When meeting Peter Gorringe, they find that he has changed his life around and turned to the Church of England, and he asks Miranda for forgiveness. In this conversation, Miranda confesses to falsely accusing Peter Gorringe of raping her, which Adam records due to his straightforward view of right and wrong.

Miranda and Charlie set Adam to work investing in the stock market, effectively making them rich, so they start planning their wedding along with an expensive house they believe they can afford. Soon, Adam disappears, returning to admit that he donated their money to good causes and sent the recording of Miranda’s confession to the Salisbury Police.
Charlie becomes frustrated and scared of what else Adam might do, so he hits him with a hammer, killing his body, but allowing for time to download his consciousness, along with a request to bring him to Alan Turing for testing.
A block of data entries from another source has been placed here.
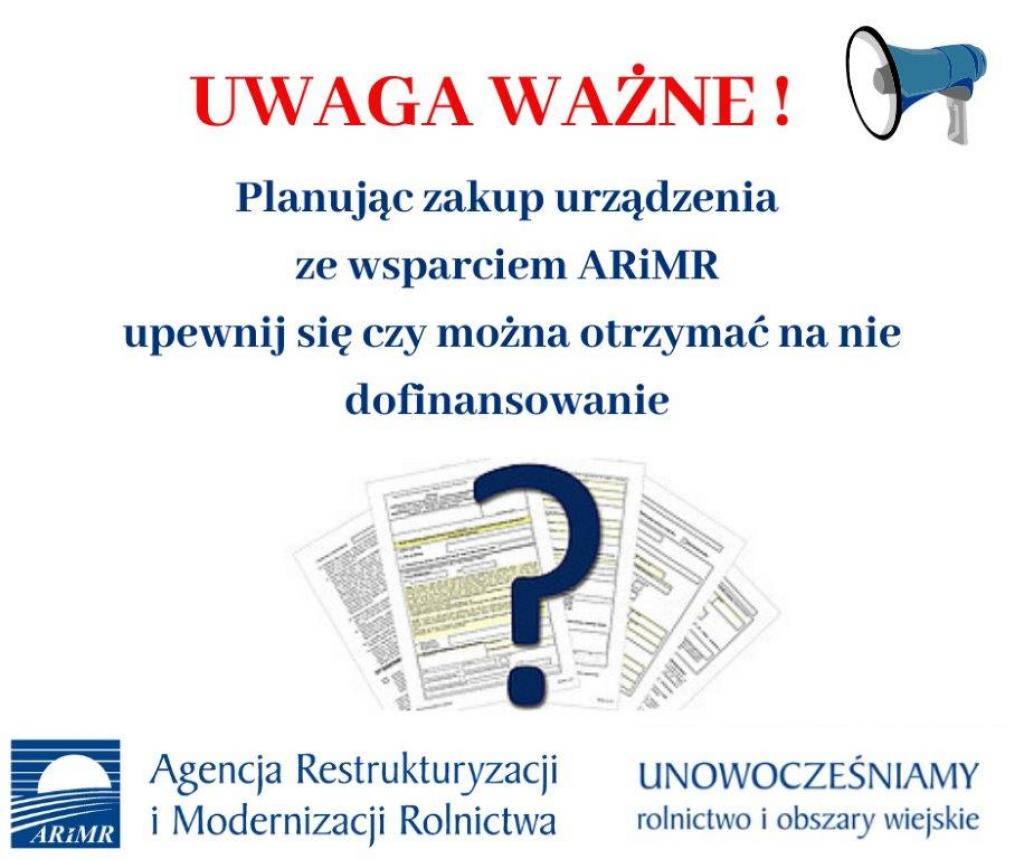 Planując zakup urządzenia ze wsparciem ARiMR upewnij się czy można otrzymać na  nie dofinansowanie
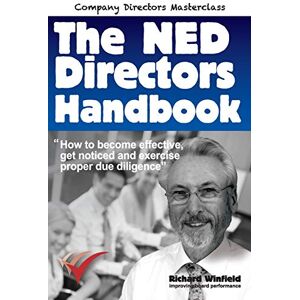 Winfield, Richard The NED Directors Handbook: How to become effective, get noticed and exercise proper due diligence (Company Directors' Masterclass) Winfield, Richard The NED Directors Handbook: How to become effective, get noticed and exercise proper due diligence (Company Directors' Masterclass)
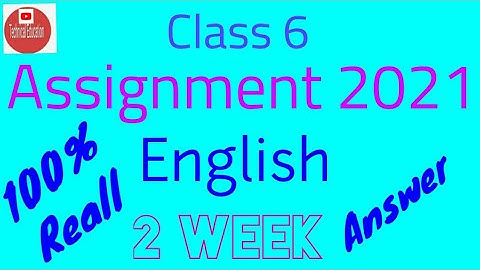 Class  6 assignment 2 week 2021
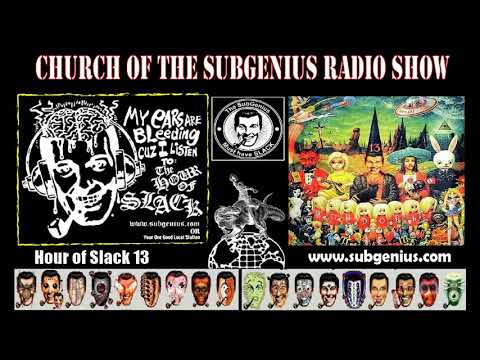 Hour of Slack 13 - Subgenius Radio Show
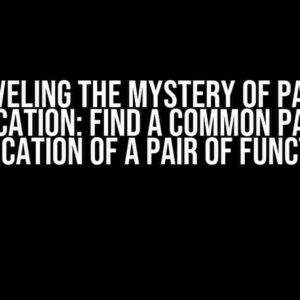 Unraveling the Mystery of Partial Application: Find a Common Partial Application of a Pair of Functions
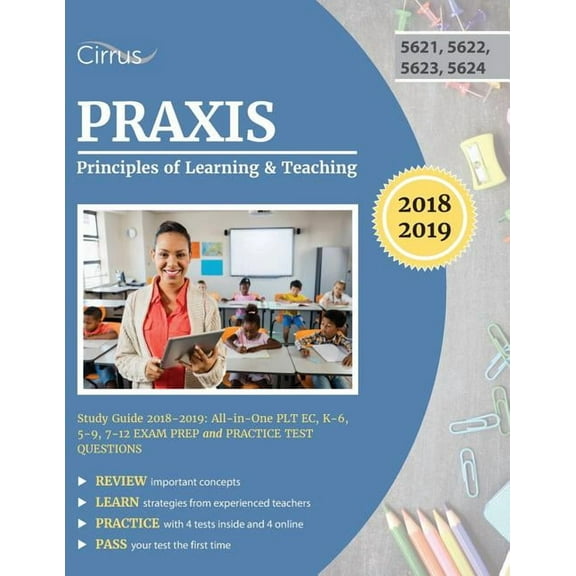 Praxis Principles of Learning and Teaching Study Guide 2018-2019: All-in-One PLT EC, K-6, 5-9, 7-12 Exam Prep and Practi, (Paperback)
Thus begins the rapid decline of society, with the new Prime Minister being assassinated, financial decline, major strikes, and crime upticks leading to a worse society in general. In their world, Charlie and Miranda get married, then Miranda is sentenced to serve one year for her false accusation of rape. During this time in prison, Charlie continues to attempt to adopt Mark for Miranda, and after her release, he takes Adam’s body to Alan Turing, who accuses him of murdering him and only viewing him as an object rather than the conscious being he actually was. In leaving his lab, he finds out that their adoption of Mark has been approved.

== Reception ==
Writing for The New York Times, Jeff Giles notes, "It is not the first, or even the 10th, place to start reading McEwan if you've never encountered him before. Yet he's such a masterly writer of prose and provocative thinker of thoughts that even his lesser novels leave marks. 'Machines' is a sharp, unsettling read, which—despite its arteries being clogged with research and back story—has a lot on its mind about love, family, jealousy and deceit. Ultimately, it asks a surprisingly mournful question: If we built a machine that could look into our hearts, could we really expect it to like what it sees?" Similarly positive, Ron Charles, for The Washington Post, concludes that McEwan "is not only one of the most elegant writers alive, he is one of the most astute at crafting moral dilemmas within the drama of everyday life. True, contending with an attractive synthetic rival is a problem most of us won't have to deal with anytime soon (sorry, Alexa), but figuring out how to treat each other, how to do some good in the world, how to create a sense of value in our lives, these are problems no robot will ever solve for us." Heller McAlpin, for NPR, concludes by praising how the book "also manages to flesh out—literally and grippingly—questions about what constitutes a person, and the troubling future of humans if the smart machines we create can overtake us."